The conventional rotary encoder with push switch comprises a rotary encoder 32 and a push switch 33 disposed on a resin-made fitting substrate 31 having feet 31A and 31B. The encoder 32 is attached movable for a certain distance in a predetermined horizontal direction (the direction H2) on the fitting substrate 31, and the switch 33 is fixed on the same fitting substrate 31.

The flat plate-shaped fitting substrate 31 is provided with a cavity area 35 comprising guide rails 34 for guiding the encoder 32 in the horizontal direction, a hollow 37 having stop wall 36 for fixing the switch 33, and terminal boards 39 having terminals 38 for transmitting electric signals from encoder 32 outside.

The encoder 32 comprises a box-shaped case 40 made of resin placed in the cavity area 35 to be guided by the guide rails 34, a resin-made rotary disk 46 affixed revolvable to a pillar shaft 43 at the center of the boxshaped case 40, and an operation knob 50 fixed to the rotary disk 46 with a screw 49. An elastic contacting body 56 having upper contact-points 41 and lower contact-points 42 protruding in the respective directions is fixed by insert-molding in the bottom of the box-shaped case 40, and a clicking spring 48 is fixed at the top. A radial contact disk 44 is fixed at the bottom of rotary disk 46, the upper surface of which disk 46 is provided with a radially bumping surface 45. As shown in FIG. 19, a dowel 47A of elastic foot 47 of clicking spring 48 rests in an indent 45A of the bumping surface 45. The upper contact-point 41 makes contact with radial contact disk 44, while the lower contact-point 42 makes contact with terminal board 39 of fitting substrate 31.

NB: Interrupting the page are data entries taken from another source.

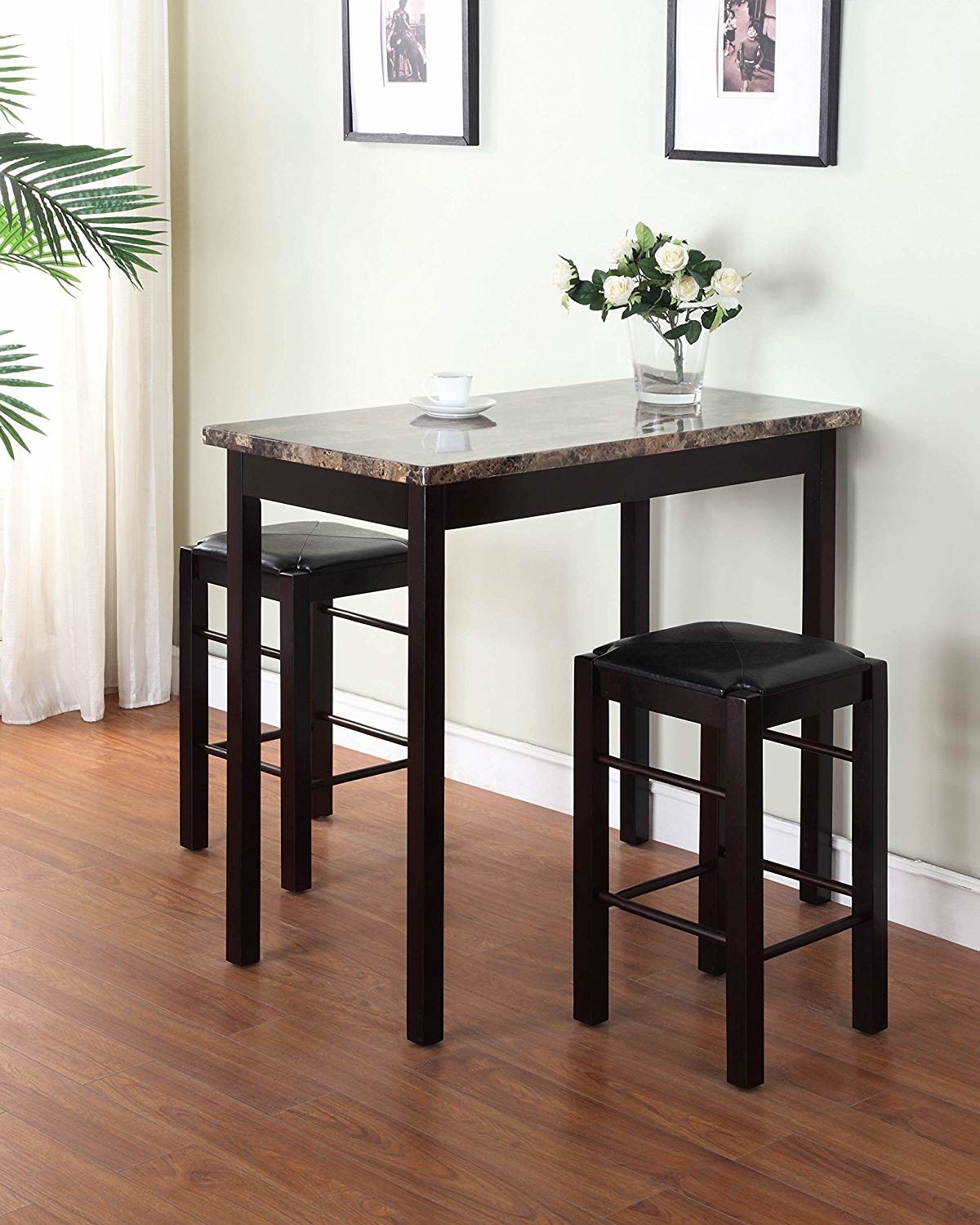 A tall table in brown with a marble-like top and two stools on either side of it, also in brown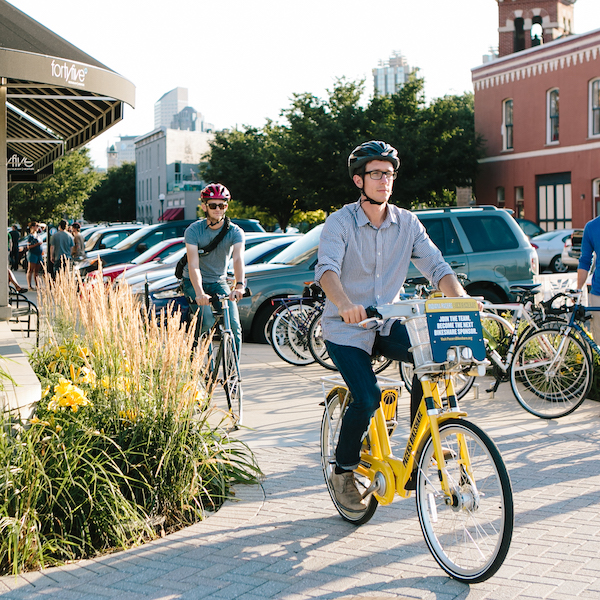 People cycling on Indiana Pacers Bikeshare bikes
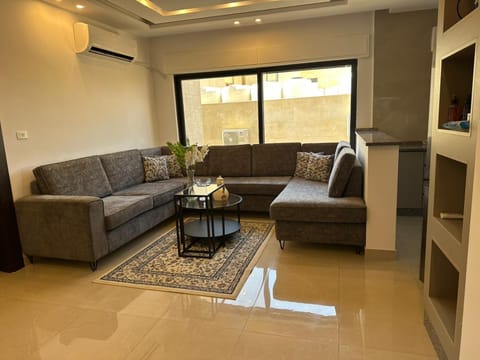 Communal lounge/ TV room, TV and multimedia, Living room, Seating area, air conditioner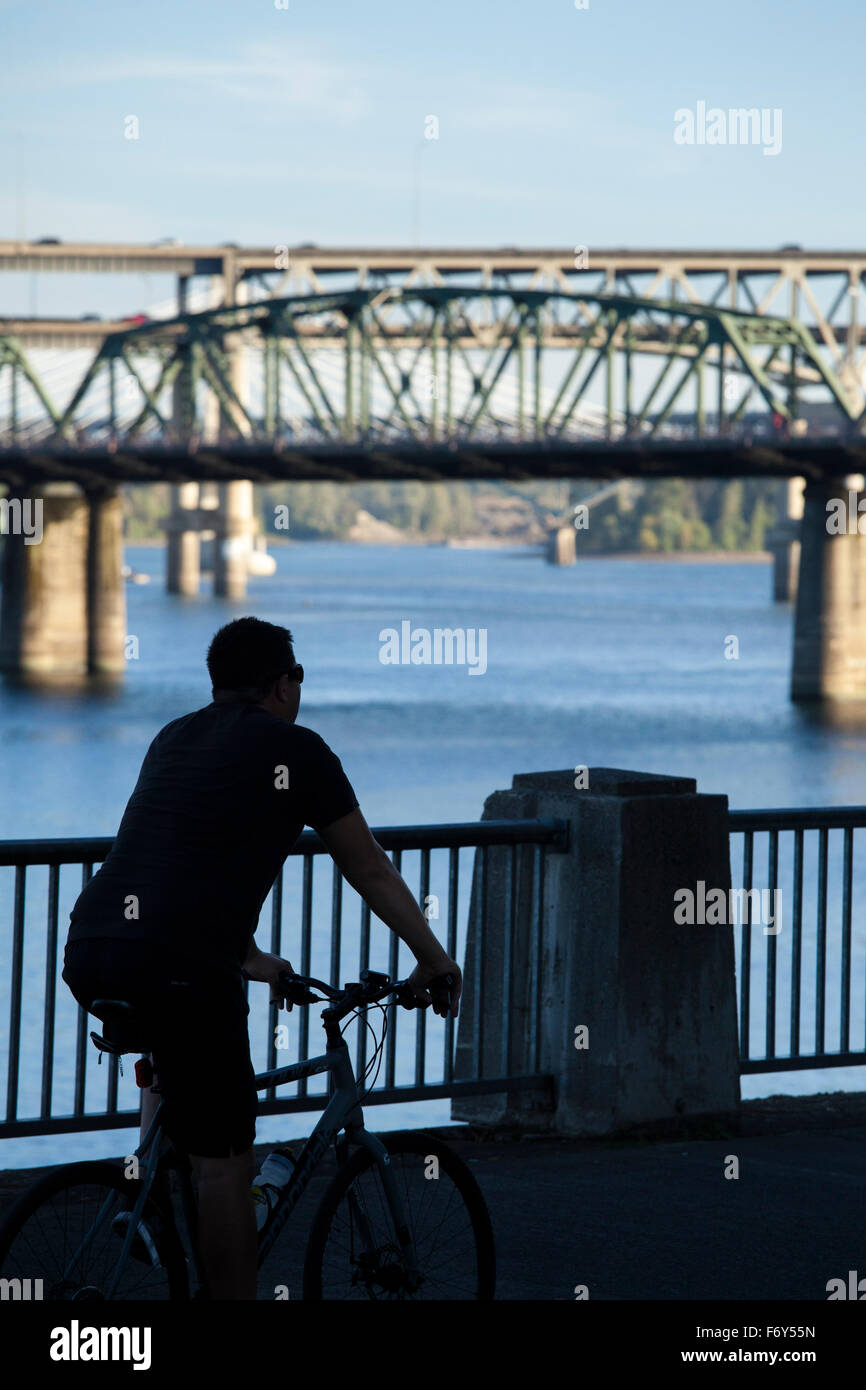 Ein Radfahrer Fahrrad entlang der Uferpromenade in Portland, Oregon. Stockfoto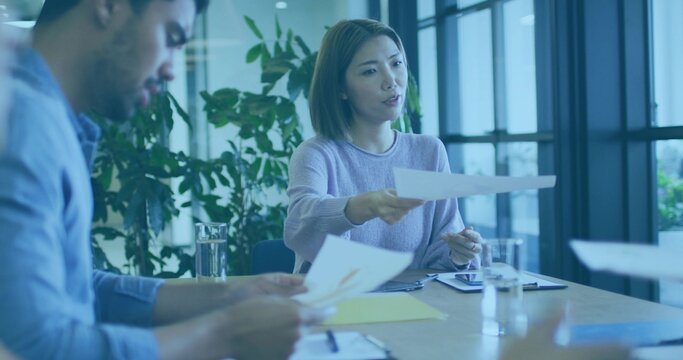 Extending woman in purple sweater handing sheet to colleague at meeting table, with documents - Powered by Adobe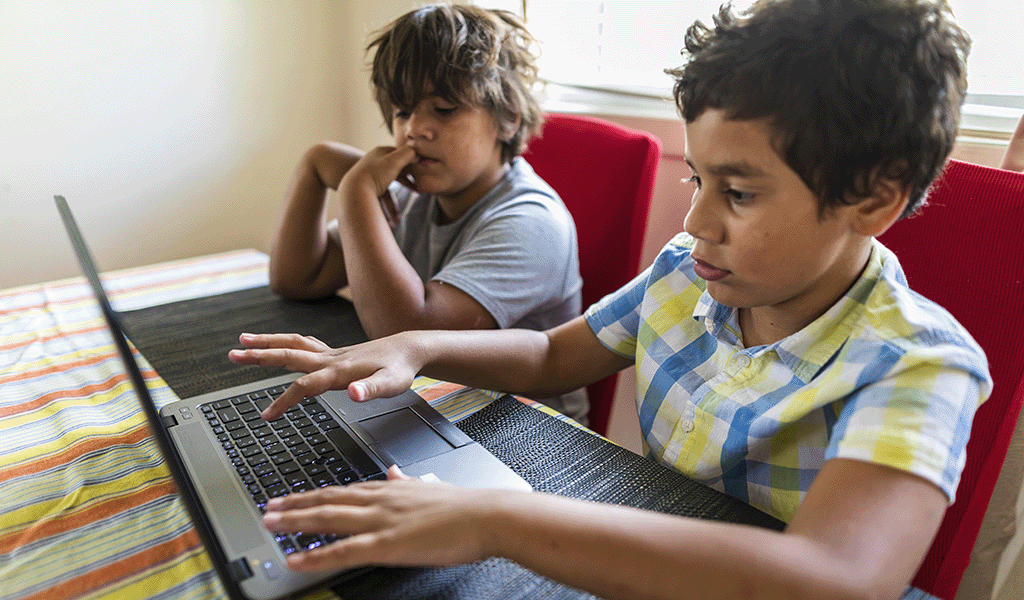 Two young Indigenous boys using a laptop at dining table
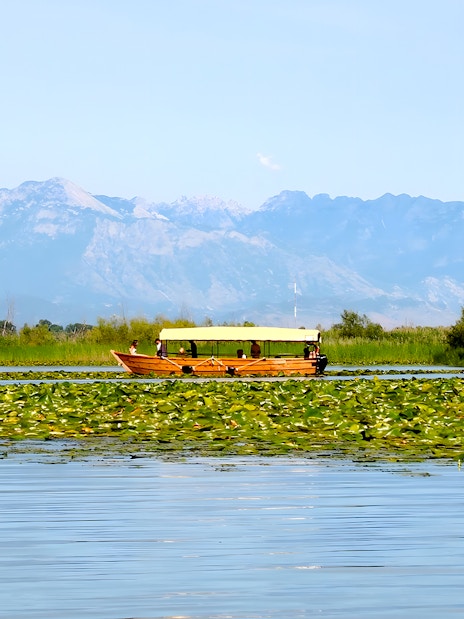 Wooden boat on Lake Skadar during guided sightseeing tour with mountain backdrop.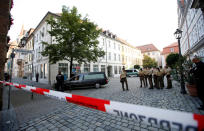 <p>A hearse leaves the area after an explosion in Ansbach near Nuremberg, Germany, July 25, 2016. (REUTERS/Michaela Rehle)</p>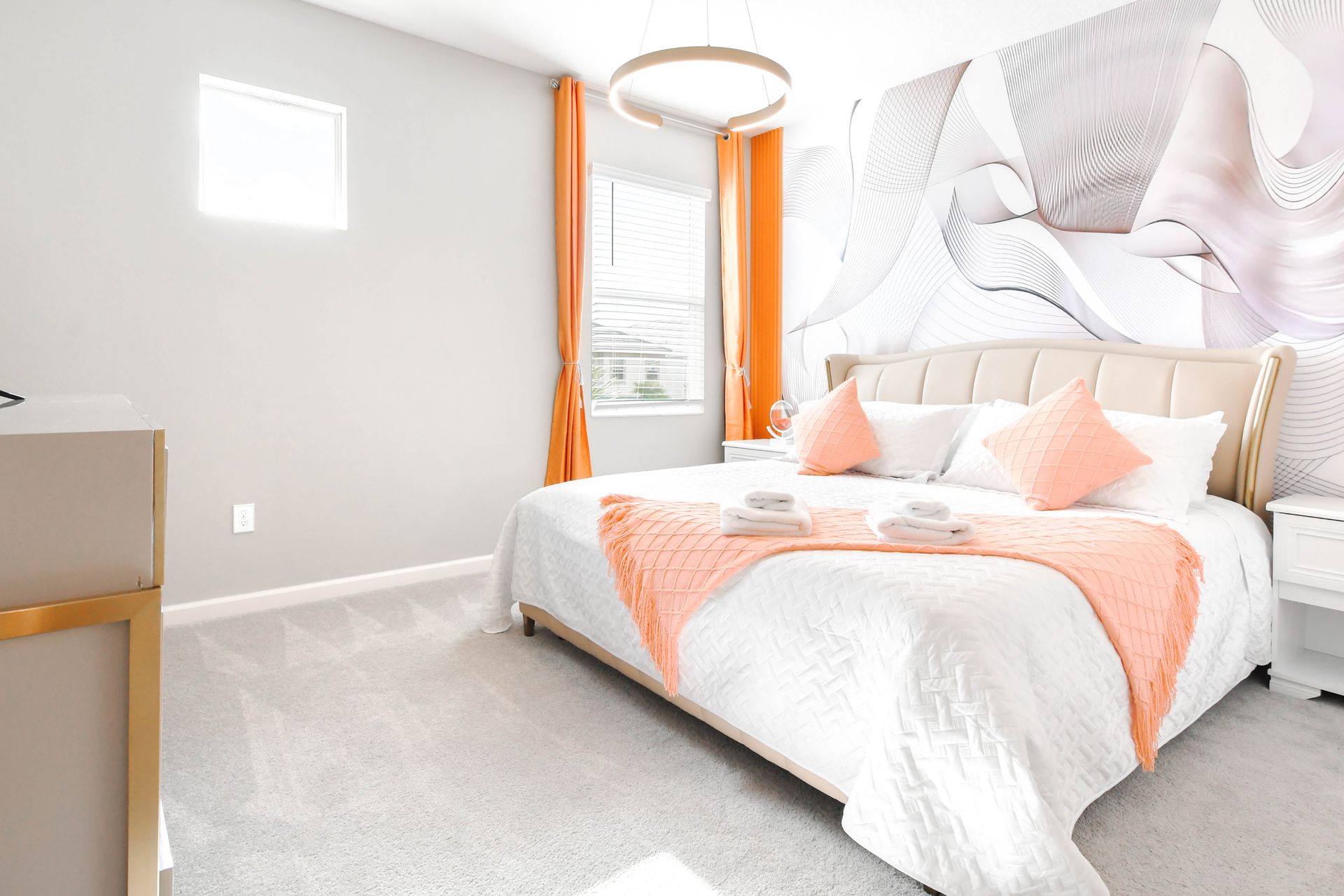 Bright modern bedroom with king bed, abstract accent wall, and bold orange decor.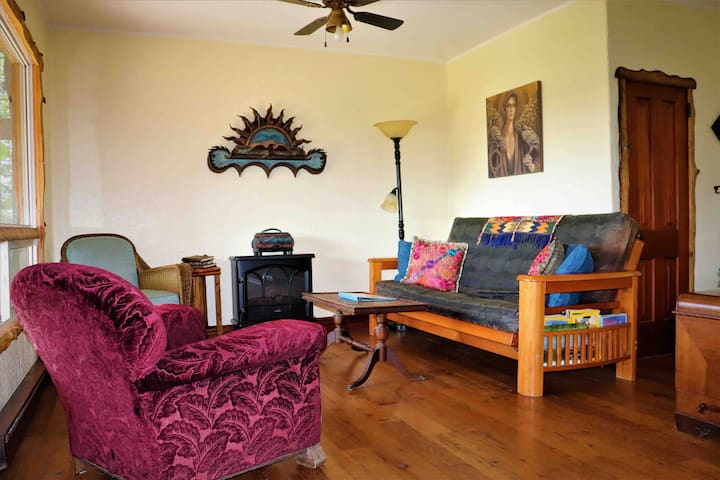 Un enorme ventanal ofrece impresionantes vistas desde esta acogedora sala de estar.  Con un rico suelo de madera y una decoración de buen gusto, los cómodos muebles son perfectos para acurrucarse con un buen libro o descargar una película o un podcast, utilizando el excelente wifi.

As shown in FIG.20 and FIG.21, a coil spring 52 is attached to a pin 51 protruding from fitting substrate 31 so as to push the box-shaped case 40 at the side. Therefore, the encoder 32 is usually staying away from the switch 33.

As shown in FIG.18, the switch 33 is fixed in the hollow 37 of fitting substrate 31 with the button 53 facing to the encoder 32 and the rear end touching the stop wall 36. A driving rod 54 being a part of the box-shaped case 40 is touching the button 53 of switch 33.

Operation of the conventional rotary encoder with push switch is described in the following.

The rotating operation is described in the first place. When the operation knob 50 is applied at the outer circumferential edge 50A with a force in the tangential direction, as shown in FIG.20, to have the operation knob 50 revolved, the rotary disk 46 revolves around the pillar shaft 43, and the upper contact-points 41 slide on the radial contact disk 44. As a result, a pulse signal is generated in accordance with the revolution of operation knob 50, and the dowel 47A resting in the indent 45A of bumping surface 45 moves on the bumping surface 45 accompanying a click feeling to the next indent, which indent representing the next stop position. The pulse signal is transmitted via upper contact-points 41 and lower contact-points 42 to the terminal board 39, to be conveyed to a circuit of an electronic appliance through the terminals 38 for external connection.

Now in the following, the push operation is described. When a horizontal force is applied to the operation knob 50 at the edge 50A in the direction connecting the center of operation knob 50 and the switch 33 (direction of an arrow H2), as shown in FIG.21, against the elastic force of spring 52, the encoder 32 moves along the guide rails 34 towards switch 33. The driving rod 54 pushes the button 53 and the switch 33 operates, thereby a signal is transmitted to a circuit of an electronic appliance via connection terminal 55. As soon as the force on operation knob 50 is removed, the encoder 32 is pushed-back to the front by the elastic restoring force of coil spring 52 to the initial position as shown in FIG. 20.

In the above rotary encoder, unwanted move of operation knob 50 during the push operation on the switch 33 is prevented by setting the dowel 47A of clicking spring 48 in an indent 45A of the bumping surface 45.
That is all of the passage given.